There is also the ongoing debate as to who should be named the greatest of all time. Each player has their own credentials. Federer currently has the all-time lead for most grand slam titles at 20. Nadal has won more ATP tournaments on the clay than any other player in history. Meanwhile, current world No.1 Djokovic has won more prize money in the sport than any other player – male or female.

Weighing on the debate, Schwartzman has given the edge to Djokovic. Prior to the suspension of the tour due to covid-19, Djokovic started 2020 by winning 18 matches in a row. Claiming titles at the ATP Cup, Australian Open and Dubai Tennis Championships.

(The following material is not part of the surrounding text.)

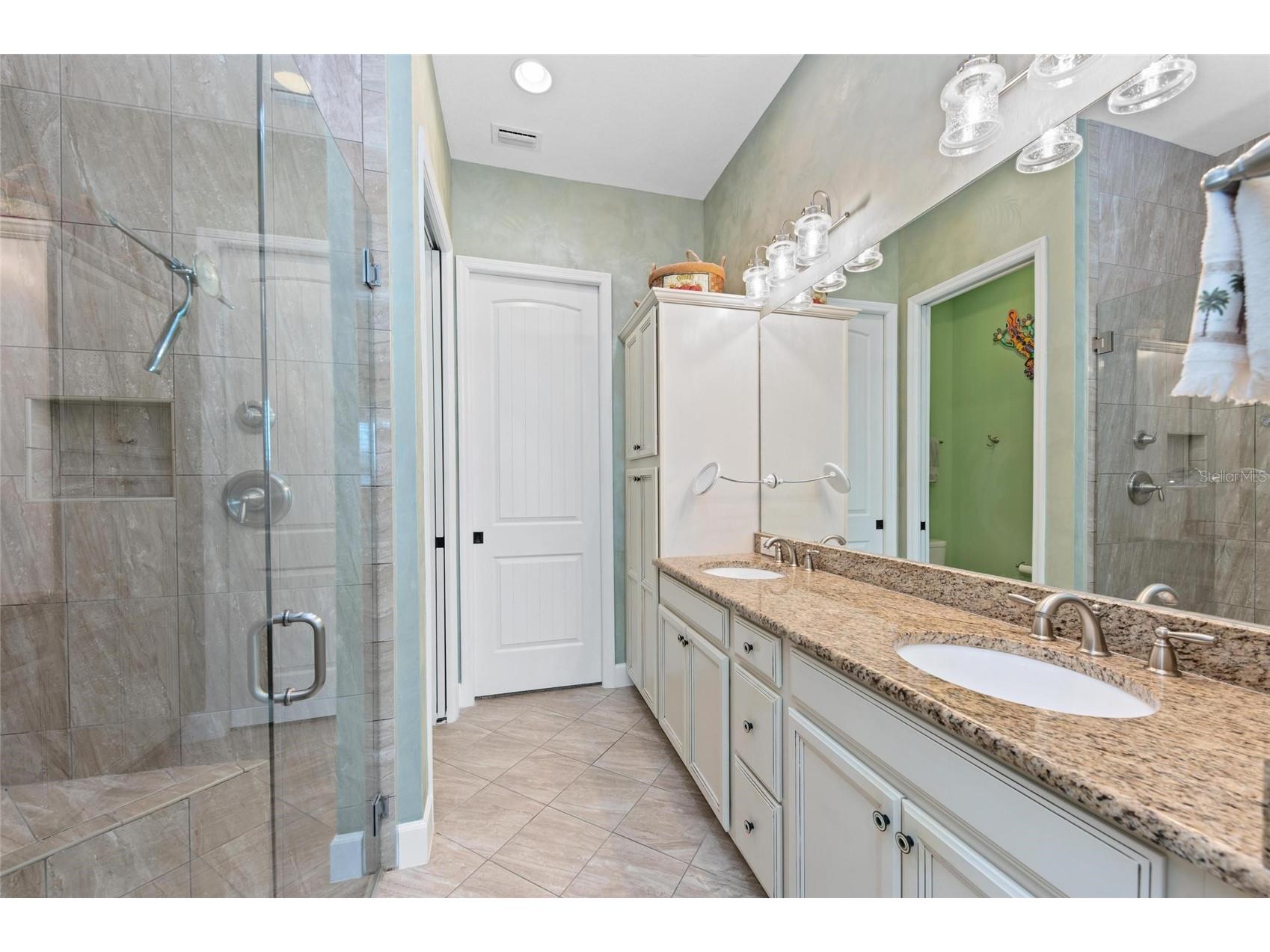 330 Compass Point Drive #101 Bradenton FL 34209 A4676445 image35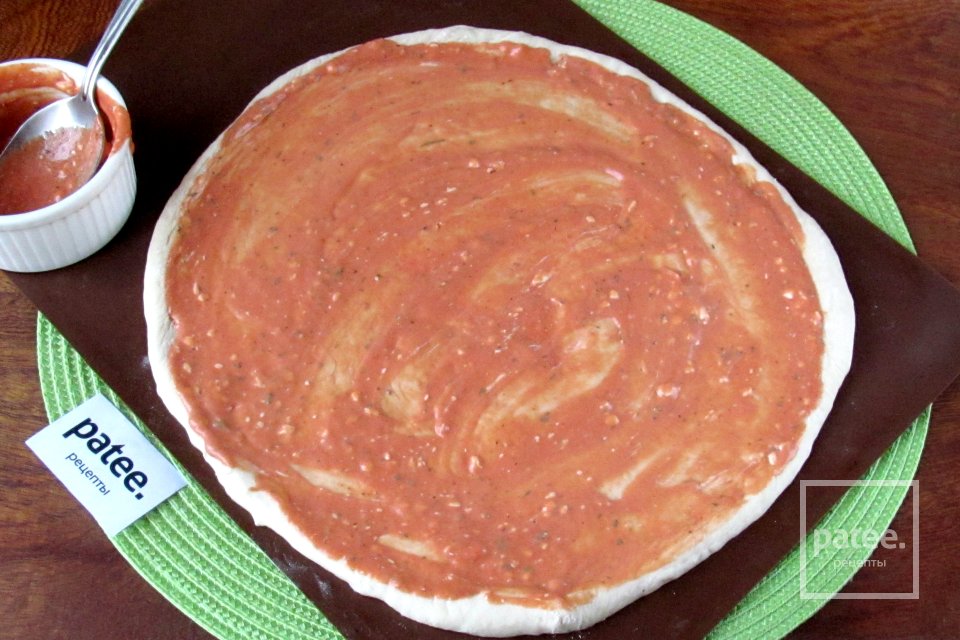 Пицца с перепелиными яйцами - Шаг 8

“At his best, Djokovic has beaten Rafael Nadal many times on the clay and Roger Federer many times on the grass. So maybe I would say that he is slightly above the other two.” He explained.
“Let’s see if you can reach the records, now it was packed and saw that pace being broken. But Djokovic knows that he has to keep the level, because if he doesn’t win he will win the other two.”

Schwartzman started the year by winning nine out of 14 matches played. His best performance of the season so far took place on home territory when he reached the final of the Cordoba Open before losing to Christian Garin.